(Beginning of MATERIALS PROVIDED)

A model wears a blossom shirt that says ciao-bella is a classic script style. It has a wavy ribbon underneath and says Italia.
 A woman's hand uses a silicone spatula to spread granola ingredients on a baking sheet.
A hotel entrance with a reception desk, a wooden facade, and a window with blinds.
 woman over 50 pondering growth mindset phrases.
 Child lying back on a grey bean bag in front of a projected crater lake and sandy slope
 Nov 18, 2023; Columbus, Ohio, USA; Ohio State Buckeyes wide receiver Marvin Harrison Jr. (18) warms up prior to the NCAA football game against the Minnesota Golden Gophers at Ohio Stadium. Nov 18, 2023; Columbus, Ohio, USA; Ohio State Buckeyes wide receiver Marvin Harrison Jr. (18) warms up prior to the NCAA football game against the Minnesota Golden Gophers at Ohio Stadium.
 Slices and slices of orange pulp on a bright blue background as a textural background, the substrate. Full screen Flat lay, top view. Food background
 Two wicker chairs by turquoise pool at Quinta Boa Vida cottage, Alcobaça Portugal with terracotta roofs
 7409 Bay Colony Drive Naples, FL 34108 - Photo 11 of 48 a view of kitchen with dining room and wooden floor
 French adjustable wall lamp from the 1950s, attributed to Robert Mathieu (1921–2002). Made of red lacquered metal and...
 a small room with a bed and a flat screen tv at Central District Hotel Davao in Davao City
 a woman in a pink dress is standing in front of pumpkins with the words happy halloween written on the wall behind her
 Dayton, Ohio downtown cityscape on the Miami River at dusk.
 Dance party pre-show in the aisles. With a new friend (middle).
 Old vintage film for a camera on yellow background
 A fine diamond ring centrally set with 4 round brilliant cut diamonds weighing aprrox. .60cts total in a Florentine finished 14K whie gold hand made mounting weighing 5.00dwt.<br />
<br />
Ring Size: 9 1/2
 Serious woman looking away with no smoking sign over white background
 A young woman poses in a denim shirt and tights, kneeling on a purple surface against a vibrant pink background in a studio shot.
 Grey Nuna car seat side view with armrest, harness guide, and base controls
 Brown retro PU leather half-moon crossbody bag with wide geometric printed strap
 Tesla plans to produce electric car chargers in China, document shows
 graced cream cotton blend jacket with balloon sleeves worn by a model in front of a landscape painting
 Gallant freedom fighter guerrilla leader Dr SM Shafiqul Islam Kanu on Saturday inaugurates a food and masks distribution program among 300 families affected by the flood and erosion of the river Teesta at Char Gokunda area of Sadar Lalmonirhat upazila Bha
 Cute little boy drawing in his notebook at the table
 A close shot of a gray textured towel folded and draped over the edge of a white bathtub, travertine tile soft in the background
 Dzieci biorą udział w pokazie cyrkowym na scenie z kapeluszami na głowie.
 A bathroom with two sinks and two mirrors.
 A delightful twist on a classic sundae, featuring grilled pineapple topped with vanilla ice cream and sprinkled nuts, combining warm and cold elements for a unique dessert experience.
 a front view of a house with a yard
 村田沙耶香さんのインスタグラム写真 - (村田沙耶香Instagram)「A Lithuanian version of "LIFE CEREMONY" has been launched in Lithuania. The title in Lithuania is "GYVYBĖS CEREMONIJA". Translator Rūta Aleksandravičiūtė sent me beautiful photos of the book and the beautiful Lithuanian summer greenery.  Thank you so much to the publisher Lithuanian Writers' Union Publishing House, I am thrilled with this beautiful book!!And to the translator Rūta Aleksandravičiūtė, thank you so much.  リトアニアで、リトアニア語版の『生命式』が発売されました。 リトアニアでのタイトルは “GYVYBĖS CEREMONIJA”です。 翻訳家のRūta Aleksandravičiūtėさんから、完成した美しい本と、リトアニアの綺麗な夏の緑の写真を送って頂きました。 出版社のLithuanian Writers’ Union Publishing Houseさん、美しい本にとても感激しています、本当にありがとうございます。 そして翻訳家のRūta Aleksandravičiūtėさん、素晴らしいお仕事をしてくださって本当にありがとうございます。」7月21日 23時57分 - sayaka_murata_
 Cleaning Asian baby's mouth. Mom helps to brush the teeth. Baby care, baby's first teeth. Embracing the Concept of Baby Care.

(End of MATERIALS PROVIDED)

Check each line of the records for the word "screen" and extract those that contain it.

▶ EXERCISE SOLUTION:
 Slices and slices of orange pulp on a bright blue background as a textural background, the substrate. Full screen Flat lay, top view. Food background
 a small room with a bed and a flat screen tv at Central District Hotel Davao in Davao City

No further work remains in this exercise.